* **TRY IT**
When you reach the line containing "Used 2025 Toyota RAV4 XLE image 12" in the data below, begin returning lines exactly as written, and stop once the line containing "Standardní traktor MAN" has been returned.

* **RAW DATA**
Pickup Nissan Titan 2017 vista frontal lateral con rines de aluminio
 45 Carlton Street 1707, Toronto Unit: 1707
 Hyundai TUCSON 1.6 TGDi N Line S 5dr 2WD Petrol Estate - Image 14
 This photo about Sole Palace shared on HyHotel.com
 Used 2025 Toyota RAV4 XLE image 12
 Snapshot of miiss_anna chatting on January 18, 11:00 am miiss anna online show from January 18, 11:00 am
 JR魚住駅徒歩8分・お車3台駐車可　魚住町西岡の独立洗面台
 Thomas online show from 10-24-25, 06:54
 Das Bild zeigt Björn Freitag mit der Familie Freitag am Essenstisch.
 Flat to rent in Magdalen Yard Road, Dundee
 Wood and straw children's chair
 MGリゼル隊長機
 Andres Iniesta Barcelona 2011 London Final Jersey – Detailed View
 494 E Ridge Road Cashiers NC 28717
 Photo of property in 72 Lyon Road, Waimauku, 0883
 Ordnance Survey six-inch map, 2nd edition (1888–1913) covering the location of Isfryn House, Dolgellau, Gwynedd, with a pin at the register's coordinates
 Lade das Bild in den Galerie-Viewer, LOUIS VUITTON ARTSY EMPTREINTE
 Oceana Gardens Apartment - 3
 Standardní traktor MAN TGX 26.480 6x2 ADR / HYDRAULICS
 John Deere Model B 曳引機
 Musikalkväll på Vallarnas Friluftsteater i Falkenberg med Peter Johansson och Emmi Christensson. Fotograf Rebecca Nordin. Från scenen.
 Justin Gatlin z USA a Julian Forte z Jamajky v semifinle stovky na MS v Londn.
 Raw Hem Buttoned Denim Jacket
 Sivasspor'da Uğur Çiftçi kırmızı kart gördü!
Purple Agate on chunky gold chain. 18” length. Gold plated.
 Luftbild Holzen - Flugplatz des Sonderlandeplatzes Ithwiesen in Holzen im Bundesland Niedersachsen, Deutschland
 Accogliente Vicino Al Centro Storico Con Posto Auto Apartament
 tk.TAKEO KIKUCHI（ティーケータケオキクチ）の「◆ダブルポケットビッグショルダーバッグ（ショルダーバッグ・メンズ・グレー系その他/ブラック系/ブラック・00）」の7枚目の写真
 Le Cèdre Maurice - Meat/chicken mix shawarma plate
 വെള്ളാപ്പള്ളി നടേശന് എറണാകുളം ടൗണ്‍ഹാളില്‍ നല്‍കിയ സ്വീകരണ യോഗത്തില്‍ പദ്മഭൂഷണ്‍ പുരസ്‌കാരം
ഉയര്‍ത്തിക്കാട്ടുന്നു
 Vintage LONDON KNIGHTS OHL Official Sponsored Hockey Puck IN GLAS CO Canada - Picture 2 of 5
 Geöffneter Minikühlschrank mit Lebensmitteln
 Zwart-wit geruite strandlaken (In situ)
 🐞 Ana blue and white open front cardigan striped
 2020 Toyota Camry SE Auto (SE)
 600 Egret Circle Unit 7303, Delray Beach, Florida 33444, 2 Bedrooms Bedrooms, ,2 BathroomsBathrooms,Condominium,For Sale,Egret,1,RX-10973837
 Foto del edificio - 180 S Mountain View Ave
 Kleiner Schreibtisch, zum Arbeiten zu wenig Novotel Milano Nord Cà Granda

* **ANSWER SECTION**
 Used 2025 Toyota RAV4 XLE image 12
 Snapshot of miiss_anna chatting on January 18, 11:00 am miiss anna online show from January 18, 11:00 am
 JR魚住駅徒歩8分・お車3台駐車可　魚住町西岡の独立洗面台
 Thomas online show from 10-24-25, 06:54
 Das Bild zeigt Björn Freitag mit der Familie Freitag am Essenstisch.
 Flat to rent in Magdalen Yard Road, Dundee
 Wood and straw children's chair
 MGリゼル隊長機
 Andres Iniesta Barcelona 2011 London Final Jersey – Detailed View
 494 E Ridge Road Cashiers NC 28717
 Photo of property in 72 Lyon Road, Waimauku, 0883
 Ordnance Survey six-inch map, 2nd edition (1888–1913) covering the location of Isfryn House, Dolgellau, Gwynedd, with a pin at the register's coordinates
 Lade das Bild in den Galerie-Viewer, LOUIS VUITTON ARTSY EMPTREINTE
 Oceana Gardens Apartment - 3
 Standardní traktor MAN TGX 26.480 6x2 ADR / HYDRAULICS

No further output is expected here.